The elephant in the room
The ongoing elephant in the room is overclassification – are we currently drowning in so much information that is improperly classified, that we’re not adequately protecting information that truly needs to be? And have we created confusion with our classification designations? Those are much bigger questions than a single article or news cycle will solve – and likely why they’re not the ones being asked.
What Is and What Isn’t
Rare is the mainstream media article mentioning major security clearance reform efforts, including the elements of Trusted Workforce 2.0 being implemented today – the phased rollout of continuous vetting and the two major muscle movements yet to be accomplished – the move from a 1.5 CV vetting solution to a 2.0 vetting solution (basically, more records being checked). Another big change today is the rollout of CV across the entire trusted government population – which actually has the potentially to create a greater number of flags and more outcry about the state of the security clearance workforce.
The security clearance background investigations process isn’t perfect. It could be better. But two things are true – it’s vastly better than it ever has been, and it’s also not clear even the progressive solutions proposed would have precluded Airman Teixeira’s eligibility. You can hide your crazy comments anonymously in a dark website or private forum like Discord. And unless you’re willing to accept Minority Report (*cough PRISM *cough) – statements you make online may not be caught even with a robust social media monitoring program. The reality is that age, immaturity, and passage of time are mitigating factors for many issues. We may find out that there were issues that were missed in a background investigation. But my person opinion, as of this date, is that saying so is an overstatement of the facts, and interpreting the security clearance background investigation process under the same lens as a criminal investigation – and the two are vastly different.
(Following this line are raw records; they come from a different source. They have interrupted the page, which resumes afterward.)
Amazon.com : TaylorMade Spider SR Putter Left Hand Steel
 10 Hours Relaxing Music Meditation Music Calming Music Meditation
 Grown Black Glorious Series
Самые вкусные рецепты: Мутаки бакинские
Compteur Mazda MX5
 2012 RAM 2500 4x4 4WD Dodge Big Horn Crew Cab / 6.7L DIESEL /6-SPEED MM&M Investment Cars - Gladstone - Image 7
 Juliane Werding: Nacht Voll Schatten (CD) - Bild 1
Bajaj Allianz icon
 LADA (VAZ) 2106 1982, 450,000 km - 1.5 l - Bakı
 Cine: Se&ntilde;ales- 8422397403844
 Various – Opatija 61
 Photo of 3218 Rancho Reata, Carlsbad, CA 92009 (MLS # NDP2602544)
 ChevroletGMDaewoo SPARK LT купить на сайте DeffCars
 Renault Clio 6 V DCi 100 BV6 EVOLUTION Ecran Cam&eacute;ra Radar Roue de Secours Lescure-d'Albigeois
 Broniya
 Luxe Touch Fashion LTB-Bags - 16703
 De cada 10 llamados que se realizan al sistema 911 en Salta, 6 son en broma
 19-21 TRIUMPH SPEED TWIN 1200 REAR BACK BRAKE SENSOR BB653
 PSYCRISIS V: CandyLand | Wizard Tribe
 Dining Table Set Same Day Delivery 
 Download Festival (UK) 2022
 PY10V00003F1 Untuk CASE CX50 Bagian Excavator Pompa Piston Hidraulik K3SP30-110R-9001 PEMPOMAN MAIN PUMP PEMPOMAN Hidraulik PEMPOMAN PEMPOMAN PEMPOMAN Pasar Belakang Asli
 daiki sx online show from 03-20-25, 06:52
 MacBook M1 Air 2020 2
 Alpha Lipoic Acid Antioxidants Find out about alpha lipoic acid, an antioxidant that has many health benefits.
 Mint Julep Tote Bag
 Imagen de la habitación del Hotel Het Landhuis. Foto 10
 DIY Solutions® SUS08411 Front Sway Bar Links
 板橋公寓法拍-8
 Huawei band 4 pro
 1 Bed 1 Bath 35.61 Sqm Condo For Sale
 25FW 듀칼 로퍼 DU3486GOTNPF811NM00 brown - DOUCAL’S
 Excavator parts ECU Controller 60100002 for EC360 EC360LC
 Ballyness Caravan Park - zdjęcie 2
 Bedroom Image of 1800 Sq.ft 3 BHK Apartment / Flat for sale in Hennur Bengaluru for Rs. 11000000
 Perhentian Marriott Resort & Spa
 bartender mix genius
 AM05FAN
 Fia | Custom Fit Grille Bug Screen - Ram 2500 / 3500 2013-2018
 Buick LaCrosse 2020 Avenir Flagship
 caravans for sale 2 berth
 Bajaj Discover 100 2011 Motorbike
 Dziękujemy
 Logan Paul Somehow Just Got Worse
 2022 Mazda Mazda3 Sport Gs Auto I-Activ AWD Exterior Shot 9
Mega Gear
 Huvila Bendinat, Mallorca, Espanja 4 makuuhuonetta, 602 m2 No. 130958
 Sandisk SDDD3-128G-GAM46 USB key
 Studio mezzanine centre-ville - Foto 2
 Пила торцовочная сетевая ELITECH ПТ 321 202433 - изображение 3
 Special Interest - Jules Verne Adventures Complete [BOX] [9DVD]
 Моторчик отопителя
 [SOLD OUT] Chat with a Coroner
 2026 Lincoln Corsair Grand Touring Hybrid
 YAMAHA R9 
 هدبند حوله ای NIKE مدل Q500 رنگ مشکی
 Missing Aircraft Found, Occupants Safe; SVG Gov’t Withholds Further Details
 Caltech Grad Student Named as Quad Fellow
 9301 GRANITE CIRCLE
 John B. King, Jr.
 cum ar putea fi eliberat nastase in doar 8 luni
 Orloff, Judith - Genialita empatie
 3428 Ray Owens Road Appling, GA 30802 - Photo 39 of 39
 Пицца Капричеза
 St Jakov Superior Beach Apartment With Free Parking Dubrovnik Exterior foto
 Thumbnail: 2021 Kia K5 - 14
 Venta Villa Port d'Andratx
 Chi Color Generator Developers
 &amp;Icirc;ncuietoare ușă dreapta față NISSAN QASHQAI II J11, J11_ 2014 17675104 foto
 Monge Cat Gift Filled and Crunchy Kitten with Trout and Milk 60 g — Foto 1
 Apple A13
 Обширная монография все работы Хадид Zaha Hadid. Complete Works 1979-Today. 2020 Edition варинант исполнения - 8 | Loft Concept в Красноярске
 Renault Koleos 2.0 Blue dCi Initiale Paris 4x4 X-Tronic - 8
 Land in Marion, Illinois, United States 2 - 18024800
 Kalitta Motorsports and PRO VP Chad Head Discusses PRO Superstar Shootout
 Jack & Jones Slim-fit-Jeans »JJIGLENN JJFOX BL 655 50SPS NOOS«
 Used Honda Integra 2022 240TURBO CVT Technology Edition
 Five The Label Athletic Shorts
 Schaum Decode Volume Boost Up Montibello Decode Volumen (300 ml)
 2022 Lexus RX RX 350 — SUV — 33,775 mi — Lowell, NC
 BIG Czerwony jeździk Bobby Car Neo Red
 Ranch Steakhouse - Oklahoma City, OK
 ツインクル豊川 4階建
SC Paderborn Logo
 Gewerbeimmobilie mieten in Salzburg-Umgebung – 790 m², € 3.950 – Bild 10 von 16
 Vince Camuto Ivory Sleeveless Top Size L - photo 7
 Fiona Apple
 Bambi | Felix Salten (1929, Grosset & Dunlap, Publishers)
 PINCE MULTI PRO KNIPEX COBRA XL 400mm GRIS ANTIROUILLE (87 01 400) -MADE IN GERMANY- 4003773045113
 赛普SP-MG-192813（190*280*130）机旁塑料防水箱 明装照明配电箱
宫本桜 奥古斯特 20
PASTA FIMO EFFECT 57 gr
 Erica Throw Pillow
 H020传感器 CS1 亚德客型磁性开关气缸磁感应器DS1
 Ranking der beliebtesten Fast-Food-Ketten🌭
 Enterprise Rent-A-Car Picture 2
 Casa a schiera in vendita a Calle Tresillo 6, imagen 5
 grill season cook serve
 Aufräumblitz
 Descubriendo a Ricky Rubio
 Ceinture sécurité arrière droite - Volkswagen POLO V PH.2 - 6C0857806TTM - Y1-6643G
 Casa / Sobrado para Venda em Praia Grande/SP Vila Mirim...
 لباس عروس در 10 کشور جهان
National Security Is a Community
The national security community still constitutes a great, mission-focused and vast group of professionals, many of whom have sacrificed higher pay, time with family, and great personal sacrifice to promote national security both at home and abroad. To characterize the workforce as rampant with extremists and incapable of vetting for them misses the point. Workforce issues, and security issues, are best uncovered and addressed at the management level. Perhaps the greatest takeaway from the current debate is that it is mission-essential in the national security environment to have better awareness of what your cleared employees are doing (ie, printing documents in a SCIF should not be one of them). Companies, military agencies and organizations need to have management structures and ongoing training that helps address issues. And as always, the best scenario for protecting classified information is to develop the proper need to know around information, and improve overclassification so we’re only protecting what needs to be protected.
With growing budgets, ongoing hiring needs, and growing threats (you don’t have to read a bunch of classified documents on a Discord channel to know that), breaking our security clearance vetting process and creating another 500+ day wait for a Top Secret security clearance is simply not the best option – but one I fear we may be barreling toward. Instead of just attacking the process at the person, attack it at the document. I hope the Information Security Oversight Office (ISOO) is getting the interest, oversight, and resourcing that the vetting and policy proponents are.